We present RecView, an interactive R application and its homonymous R package, to facilitate locating recombination positions along chromosomes or scaffolds using whole-genome genotype data of a three-generation pedigree. We demonstrate applicability of RecView using the genotype data from two offspring, as well as their grandparents and parents, of the great reed warbler (Acrocephalus arundinaceus).

README: Description of the files

The dataset is from a three-generation pedigree of great reed warbler (Acrocephalus arundinaceus) including 4 grandparents (Aarun_H7-38, Aarun_H0-81, Aarun_V9-73, Aarun_H7-41), 2 parents (Aarun_H3-00, Aarun_H5-17) and 2 offspring (ID-256 and ID-258).

1 VCF files

VCF files consist of bi-allelic SNPs on chromosome 1 and 21 of the great reed warbler.

1.1 VCF files list

  • full_dataset.vcf.gz: bi-allelic SNPs on chromosome 1 and 21, referred to as full dataset.
  • 10percent_downsampled_dataset.vcf.gz: 10% downsampling of the total number of bi-allelic SNPs on chromosome 1 and 21 from the full dataset.
  • 1percent_downsampled_dataset.vcf.gz: 1% downsampling of the total number of bi-allelic SNPs on chromosome 1 and 21 from the full dataset.

1.2 Variable explanation

  • CHROM: The column contains the labels of scaffolds in the great reed warbler reference genome acrAru1 (BioProject ID PRJNA765537).
  • POS: The column contains the positions on the scaffolds for the bi-allelic SNPs.
  • Aarun_H7-38: Aarun_H7-38 is the label for the paternal grandfather at F0 generation of the three-generation pedigree. The column contains the FORMAT information of VCF file (see headings in VCF files for details) for this individual.
  • Aarun_H0-81: Aarun_H0-81 is the label for the paternal grandmother at F0 generation of the three-generation pedigree. The column contains the FORMAT information of VCF file (see headings in VCF files for details) for this individual.
  • Aarun_V9-73: Aarun_V9-73 is the label for the maternal grandfather at F0 generation of the three-generation pedigree. The column contains the FORMAT information of VCF file (see headings in VCF files for details) for this individual.
  • Aarun_H7-41: Aarun_H7-41 is the label for the maternal grandmother at F0 generation of the three-generation pedigree. The column contains the FORMAT information of VCF file (see headings in VCF files for details) for this individual.
  • Aarun_H3-00: Aarun_H3-00 is the label for the father at F1 generation of the three-generation pedigree. The column contains the FORMAT information of VCF file (see headings in VCF files for details) for this individual.
  • Aarun_H5-17: Aarun_H5-17 is the label for the mother at F1 generation of the three-generation pedigree. The column contains the FORMAT information of VCF file (see headings in VCF files for details) for this individual.
  • ID-256: ID-256 is the label for the offspring at F2 generation of the three-generation pedigree. The column contains the FORMAT information of VCF file (see headings in VCF files for details) for this individual.
  • ID-258: ID-258 is the label for the offspring at F2 generation of the three-generation pedigree.

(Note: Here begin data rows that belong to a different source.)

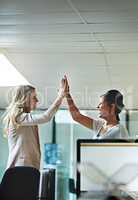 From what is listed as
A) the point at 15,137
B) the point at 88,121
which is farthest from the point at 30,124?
the point at 88,121

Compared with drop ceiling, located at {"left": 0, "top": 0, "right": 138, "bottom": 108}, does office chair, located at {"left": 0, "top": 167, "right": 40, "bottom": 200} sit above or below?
below

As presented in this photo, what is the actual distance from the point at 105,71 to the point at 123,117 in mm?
877

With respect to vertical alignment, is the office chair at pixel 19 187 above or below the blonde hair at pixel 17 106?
below

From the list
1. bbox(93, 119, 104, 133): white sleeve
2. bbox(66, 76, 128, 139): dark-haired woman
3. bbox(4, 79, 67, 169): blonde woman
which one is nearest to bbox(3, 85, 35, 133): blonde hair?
bbox(4, 79, 67, 169): blonde woman

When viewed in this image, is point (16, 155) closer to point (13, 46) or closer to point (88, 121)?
point (88, 121)

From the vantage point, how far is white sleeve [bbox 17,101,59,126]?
8.22 ft

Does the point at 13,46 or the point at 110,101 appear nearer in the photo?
the point at 110,101

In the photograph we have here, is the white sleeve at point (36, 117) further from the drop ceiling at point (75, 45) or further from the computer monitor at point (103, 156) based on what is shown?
the computer monitor at point (103, 156)

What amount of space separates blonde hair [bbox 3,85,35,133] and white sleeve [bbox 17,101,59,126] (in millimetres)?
32

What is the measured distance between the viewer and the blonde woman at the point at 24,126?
2395 mm

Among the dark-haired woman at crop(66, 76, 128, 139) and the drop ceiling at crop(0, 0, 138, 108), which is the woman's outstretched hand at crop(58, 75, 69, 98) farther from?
the dark-haired woman at crop(66, 76, 128, 139)

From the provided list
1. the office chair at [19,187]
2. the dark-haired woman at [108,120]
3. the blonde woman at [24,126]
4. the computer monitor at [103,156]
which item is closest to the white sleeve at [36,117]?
the blonde woman at [24,126]

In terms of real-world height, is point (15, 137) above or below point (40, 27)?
below

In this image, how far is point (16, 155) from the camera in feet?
7.97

The column contains the FORMAT information of VCF file (see headings in VCF files for details) for this individual.

2 Genotype files

Genotype files consist of unphased genotypes extracted from the VCF files using vcftools option: --extract-FORMAT-info GT.

2.1 Genotype files list

  • full_dataset.GT: genotypes extracted from the full_dataset.vcf.gz.
  • 10percent_downsampled_dataset.GT: genotypes extracted from 10percent_downsampled_dataset.vcf.gz.
  • 1percent_downsampled_dataset.GT: genotypes extracted from 1percent_downsampled_dataset.vcf.gz.

2.2 Variable explanation

  • CHROM: The column contains the labels of scaffolds in the great reed warbler reference genome acrAru1 (BioProject ID PRJNA765537).
  • POS: The column contains the positions on the scaffolds for the bi-allelic SNPs.
  • Aarun_H7-38: Aarun_H7-38 is the label for the paternal grandfather at F0 generation of the three-generation pedigree. The column contains genotypes at bi-allelic SNPs for this individual.
  • Aarun_H0-81: Aarun_H0-81 is the label for the paternal grandmother at F0 generation of the three-generation pedigree. The column contains genotypes at bi-allelic SNPs for this individual.
  • Aarun_V9-73: Aarun_V9-73 is the label for the maternal grandfather at F0 generation of the three-generation pedigree. The column contains genotypes at bi-allelic SNPs for this individual.
  • Aarun_H7-41: Aarun_H7-41 is the label for the maternal grandmother at F0 generation of the three-generation pedigree. The column contains genotypes at bi-allelic SNPs for this individual.
  • Aarun_H3-00: Aarun_H3-00 is the label for the father at F1 generation of the three-generation pedigree. The column contains genotypes at bi-allelic SNPs for this individual.
  • Aarun_H5-17: Aarun_H5-17 is the label for the mother at F1 generation of the three-generation pedigree. The column contains genotypes at bi-allelic SNPs for this individual.
  • ID-256: ID-256 is the label for the offspring at F2 generation of the three-generation pedigree. The column contains genotypes at bi-allelic SNPs for this individual.
  • ID-258: ID-258 is the label for the offspring at F2 generation of the three-generation pedigree. The column contains genotypes at bi-allelic SNPs for this individual.

3 Scaffold file

Scaffold file consists of the order and orientation information of the scaffolds on chromosome 1 and 21.

3.1 Scaffold file list

  • scaffold_file.csv: the order and orientation information of the scaffolds on chromosome 1 and 21 extracted from great reed warbler reference genome acrAru1 (BioProject ID PRJNA765537).

3.2 Variable explanation

  • scaffold: The column contains the labels of scaffolds in the great reed warbler reference genome acrAru1 (BioProject ID PRJNA765537).
  • size: The column contains the size in base pairs for the scaffolds.
  • CHR: The column contains the chromosomal assignment for the scaffolds in great reed warbler.
  • order: The column contains the order of the scaffolds on each chromosome.
  • orientaion: The column contains the orientaion of the scaffolds on each chromosome.

Methods

We randomly selected a three-generation pedigree, including 4 grandparents (Aarun_H7-38, Aarun_H0-81, Aarun_V9-73, Aarun_H7-41), 2 parents (Aarun_H3-00, Aarun_H5-17) and 2 offspring (ID-256 and ID-258), from our long-term study population of great reed warblers at Lake Kvismaren, southern Central Sweden (59°10ʹ N, 15°24ʹ E). The birds were whole-genome sequenced with Illumina.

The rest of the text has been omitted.